→ **TASK REQUIREMENTS**:
The whole listing should come back exactly as written, except for the pictures.
:: SUPPLIED INFORMATION
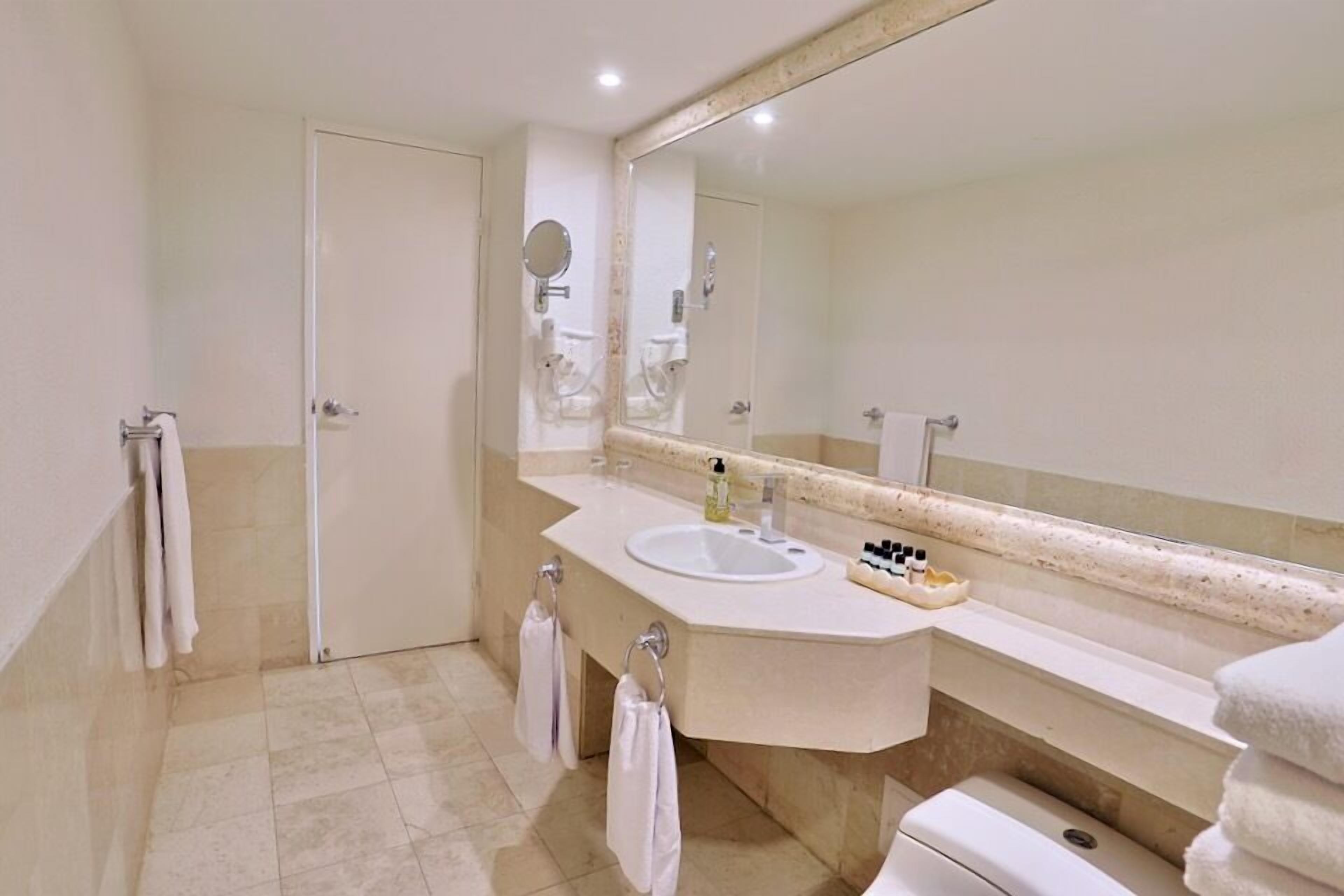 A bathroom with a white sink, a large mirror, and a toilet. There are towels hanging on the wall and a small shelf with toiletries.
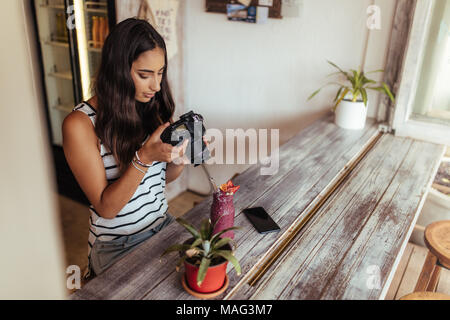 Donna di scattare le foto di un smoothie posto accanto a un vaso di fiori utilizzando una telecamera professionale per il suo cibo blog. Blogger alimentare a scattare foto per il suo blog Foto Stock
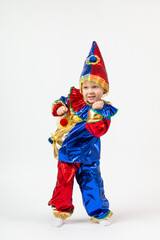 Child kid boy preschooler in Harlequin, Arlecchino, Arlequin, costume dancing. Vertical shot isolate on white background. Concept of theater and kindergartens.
::::
→ **ANSWER SECTION**:
 A bathroom with a white sink, a large mirror, and a toilet. There are towels hanging on the wall and a small shelf with toiletries.
 Donna di scattare le foto di un smoothie posto accanto a un vaso di fiori utilizzando una telecamera professionale per il suo cibo blog. Blogger alimentare a scattare foto per il suo blog Foto Stock
 Child kid boy preschooler in Harlequin, Arlecchino, Arlequin, costume dancing. Vertical shot isolate on white background. Concept of theater and kindergartens.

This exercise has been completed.